» **Work to complete**
Repeat each line of the data below exactly, but skip the pictures.

» **Information provided**
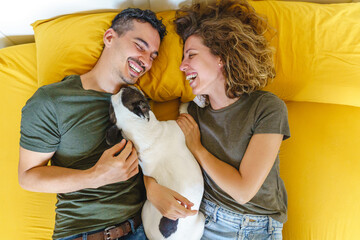 Happy moment of couple with pet at home on bed. Horizontal top view playing with pet indoors.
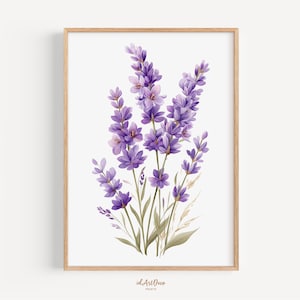 May include: A framed watercolor print of lavender flowers. The artwork features a cluster of purple lavender blooms with green stems and leaves, set against a white background. The frame is made of light-colored wood. The print is signed "id.ArtDeco Prints".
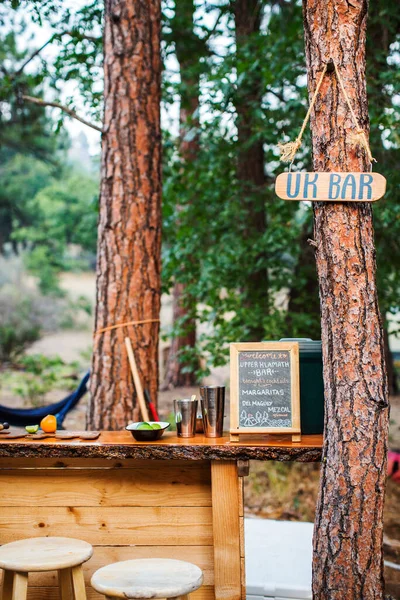 Outdoor mini bar between pine trees with two stools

» **Finished exercise**
 Happy moment of couple with pet at home on bed. Horizontal top view playing with pet indoors.
 May include: A framed watercolor print of lavender flowers. The artwork features a cluster of purple lavender blooms with green stems and leaves, set against a white background. The frame is made of light-colored wood. The print is signed "id.ArtDeco Prints".
 Outdoor mini bar between pine trees with two stools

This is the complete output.